Tá, blá, blá, depois dessa introdução chatíssima e egocêntrica, vamos aos fatos. Há uns dias, fui viajar a fim de resolver pendências. Como sempre, na rodoviária, me ofereceram um assento que já estava ocupado no momento em que entrei no ônibus - e bem no fundo do veículo, lugar sempre intragável de viajar por inúmeras razões (eu costumo ficar tonta, por exemplo). Ok, beleza, vida que segue. Após alguns segundos, um casalzinho chegou perto de onde eu me acomodara e chamou minha atenção: pelo que entendi, era um desafio se desgrudarem e viajarem em poltronas distantes. Até procurei notar se eram gêmeos xifópagos, mas ao que tudo indica cada um tinha o seu corpo. Confesso que tal drama começou a me enervar, logo, sugeri que ficassem com meu lugar, enquanto eu sentava em outro já previamente ocupado. Ok, não foi nada demais, mas o fato é que eu não ouvi um obrigado sequer. Ficamos, a moça que também se disponibilizou a fazer a troca e eu, ali, meio embasbacadas com a total falta de tato dos jovens namorados. Quem sabe fossem mudos, cada um com seus problemas. Mas aquilo ficou me martelando a vida. Até pensei: esse desaforo rende uma crônica. Realmente, é sacrifício demais abrir a boca para agradecer por algo. Pedir por favor, dizer com licença, por gentileza, obrigada, essas coisas supérfluas. O mundo é selva, gentileza é para os fracos, os que ainda não entenderam que o sistema é bruto. Caro leitor, cara leitora, reitero:
EU SIMPLESMENTE NÃO TINHA OBRIGAÇÃO NENHUMA DE CEDER LUGAR OU DE ENCHER O SACO DA OUTRA MOÇA ATRÁS DE MIM, A FIM DE QUE OS POMBINHOS PEGASSEM O PRIMEIRO AVIÃO COM DESTINO À FELICIDADE.

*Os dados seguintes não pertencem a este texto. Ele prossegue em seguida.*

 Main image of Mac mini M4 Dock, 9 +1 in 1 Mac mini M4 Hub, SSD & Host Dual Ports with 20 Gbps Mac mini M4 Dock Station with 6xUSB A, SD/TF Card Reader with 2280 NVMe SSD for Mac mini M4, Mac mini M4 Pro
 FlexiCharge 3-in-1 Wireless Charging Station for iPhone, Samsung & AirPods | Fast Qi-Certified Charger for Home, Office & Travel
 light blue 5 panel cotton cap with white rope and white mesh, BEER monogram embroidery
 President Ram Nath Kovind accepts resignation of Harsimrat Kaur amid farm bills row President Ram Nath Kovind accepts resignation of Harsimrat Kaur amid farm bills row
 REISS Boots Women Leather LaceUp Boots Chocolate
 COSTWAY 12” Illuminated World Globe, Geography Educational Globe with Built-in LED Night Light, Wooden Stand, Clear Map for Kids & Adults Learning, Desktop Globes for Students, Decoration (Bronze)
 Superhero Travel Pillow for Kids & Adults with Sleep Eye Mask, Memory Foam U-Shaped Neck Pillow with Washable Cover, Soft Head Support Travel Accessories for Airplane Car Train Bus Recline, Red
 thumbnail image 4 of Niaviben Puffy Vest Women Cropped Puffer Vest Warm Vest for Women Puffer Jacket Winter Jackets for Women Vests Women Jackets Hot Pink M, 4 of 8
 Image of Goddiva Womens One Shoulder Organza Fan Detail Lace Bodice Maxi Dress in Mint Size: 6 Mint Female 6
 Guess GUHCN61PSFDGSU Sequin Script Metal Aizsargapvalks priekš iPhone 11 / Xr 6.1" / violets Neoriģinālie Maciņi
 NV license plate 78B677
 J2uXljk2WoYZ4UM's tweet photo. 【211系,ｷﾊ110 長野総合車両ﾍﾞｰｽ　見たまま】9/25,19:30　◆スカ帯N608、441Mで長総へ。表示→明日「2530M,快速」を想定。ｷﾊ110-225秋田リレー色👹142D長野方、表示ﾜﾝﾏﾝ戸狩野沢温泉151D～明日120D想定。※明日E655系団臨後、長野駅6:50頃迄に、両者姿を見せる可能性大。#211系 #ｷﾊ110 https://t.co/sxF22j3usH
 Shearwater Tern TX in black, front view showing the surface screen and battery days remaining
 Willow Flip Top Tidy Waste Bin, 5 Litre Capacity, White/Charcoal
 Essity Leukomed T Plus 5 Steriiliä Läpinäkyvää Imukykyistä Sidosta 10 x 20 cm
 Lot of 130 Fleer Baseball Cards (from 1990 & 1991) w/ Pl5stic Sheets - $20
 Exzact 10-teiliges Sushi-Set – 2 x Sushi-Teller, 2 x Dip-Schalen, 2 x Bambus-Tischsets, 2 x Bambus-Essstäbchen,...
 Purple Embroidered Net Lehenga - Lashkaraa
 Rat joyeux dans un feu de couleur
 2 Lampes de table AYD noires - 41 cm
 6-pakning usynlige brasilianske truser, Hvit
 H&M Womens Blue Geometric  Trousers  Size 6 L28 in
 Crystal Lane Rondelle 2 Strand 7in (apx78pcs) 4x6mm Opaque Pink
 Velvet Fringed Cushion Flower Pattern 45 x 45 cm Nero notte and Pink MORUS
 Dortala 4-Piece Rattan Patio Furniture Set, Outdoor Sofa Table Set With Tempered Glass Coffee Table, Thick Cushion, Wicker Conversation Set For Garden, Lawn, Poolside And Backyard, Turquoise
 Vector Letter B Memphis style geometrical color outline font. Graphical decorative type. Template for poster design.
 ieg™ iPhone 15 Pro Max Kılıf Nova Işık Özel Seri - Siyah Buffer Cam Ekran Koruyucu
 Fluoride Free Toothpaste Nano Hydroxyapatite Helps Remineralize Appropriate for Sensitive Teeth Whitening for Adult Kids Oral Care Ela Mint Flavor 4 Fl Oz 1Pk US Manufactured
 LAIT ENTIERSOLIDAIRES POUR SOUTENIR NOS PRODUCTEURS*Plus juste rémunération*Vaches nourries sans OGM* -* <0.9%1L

O meu conforto estava garantido. Mas as joias sequer me mandaram à merda. Talvez um ''vai à merda'' já tivesse mudado meu dia. Ou quem sabe, dada a apatia e o espírito de servidão, um ''não fez mais que tua obrigação, querida''. Ao menos, eu teria dado risada, visto que seriam humoristas profissionais.
Eu fiquei pensando. Sim, porque eu sempre penso. Tem muita gente incrível e gentil no mundo, mas também tem muito cuzão mal educado, né? Que lástima. Realmente, talvez as palavras não sejam transformadoras no momento em que são ditas. Mas não dizê-las pode ser incrivelmente mais desastroso. Quem não gosta de ser tratado com gentileza? Com um sorriso, um gracejo? Vai saber se aquele ''muito obrigada, moça'' não vai salvar um dia, uma alma carente de calor humano? A gente não sabe, a vida e as conexões são um mistério. E eu sou uma trouxa, sabemos, mas uma trouxa que sempre deixa o interlocutor mudo, então estamos conversados. Gentileza gera gentileza, casal, aprendam isso. Se forem fazer tatuagens, tatuem isso no antebraço, que ao menos não vai rolar laser corretivo depois.